* _What you should do_: Output each entry verbatim.
----- Data under study
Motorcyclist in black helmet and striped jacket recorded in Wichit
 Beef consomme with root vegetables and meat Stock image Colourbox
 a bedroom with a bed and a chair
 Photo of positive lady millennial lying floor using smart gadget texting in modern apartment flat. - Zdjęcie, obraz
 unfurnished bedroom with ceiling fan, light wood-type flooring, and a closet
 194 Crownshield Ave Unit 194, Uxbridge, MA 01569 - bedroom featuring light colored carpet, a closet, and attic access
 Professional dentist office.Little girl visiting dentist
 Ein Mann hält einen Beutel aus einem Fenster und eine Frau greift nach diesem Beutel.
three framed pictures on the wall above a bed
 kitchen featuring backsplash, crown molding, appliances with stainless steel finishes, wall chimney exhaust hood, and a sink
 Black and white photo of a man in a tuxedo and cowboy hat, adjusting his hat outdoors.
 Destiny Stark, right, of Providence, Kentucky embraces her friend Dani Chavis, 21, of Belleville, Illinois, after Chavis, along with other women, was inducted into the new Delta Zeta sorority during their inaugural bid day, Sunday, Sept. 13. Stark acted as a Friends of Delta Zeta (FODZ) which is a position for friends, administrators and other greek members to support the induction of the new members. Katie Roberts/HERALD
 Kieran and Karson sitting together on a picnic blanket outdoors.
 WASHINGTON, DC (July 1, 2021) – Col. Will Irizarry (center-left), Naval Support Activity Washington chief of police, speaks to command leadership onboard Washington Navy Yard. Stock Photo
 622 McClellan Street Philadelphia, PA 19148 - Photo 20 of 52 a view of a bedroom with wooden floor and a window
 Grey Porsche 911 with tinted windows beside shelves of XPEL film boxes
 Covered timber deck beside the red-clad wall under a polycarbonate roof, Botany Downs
----------
* _Output_:
Motorcyclist in black helmet and striped jacket recorded in Wichit
 Beef consomme with root vegetables and meat Stock image Colourbox
 a bedroom with a bed and a chair
 Photo of positive lady millennial lying floor using smart gadget texting in modern apartment flat. - Zdjęcie, obraz
 unfurnished bedroom with ceiling fan, light wood-type flooring, and a closet
 194 Crownshield Ave Unit 194, Uxbridge, MA 01569 - bedroom featuring light colored carpet, a closet, and attic access
 Professional dentist office.Little girl visiting dentist
 Ein Mann hält einen Beutel aus einem Fenster und eine Frau greift nach diesem Beutel.
three framed pictures on the wall above a bed
 kitchen featuring backsplash, crown molding, appliances with stainless steel finishes, wall chimney exhaust hood, and a sink
 Black and white photo of a man in a tuxedo and cowboy hat, adjusting his hat outdoors.
 Destiny Stark, right, of Providence, Kentucky embraces her friend Dani Chavis, 21, of Belleville, Illinois, after Chavis, along with other women, was inducted into the new Delta Zeta sorority during their inaugural bid day, Sunday, Sept. 13. Stark acted as a Friends of Delta Zeta (FODZ) which is a position for friends, administrators and other greek members to support the induction of the new members. Katie Roberts/HERALD
 Kieran and Karson sitting together on a picnic blanket outdoors.
 WASHINGTON, DC (July 1, 2021) – Col. Will Irizarry (center-left), Naval Support Activity Washington chief of police, speaks to command leadership onboard Washington Navy Yard. Stock Photo
 622 McClellan Street Philadelphia, PA 19148 - Photo 20 of 52 a view of a bedroom with wooden floor and a window
 Grey Porsche 911 with tinted windows beside shelves of XPEL film boxes
 Covered timber deck beside the red-clad wall under a polycarbonate roof, Botany Downs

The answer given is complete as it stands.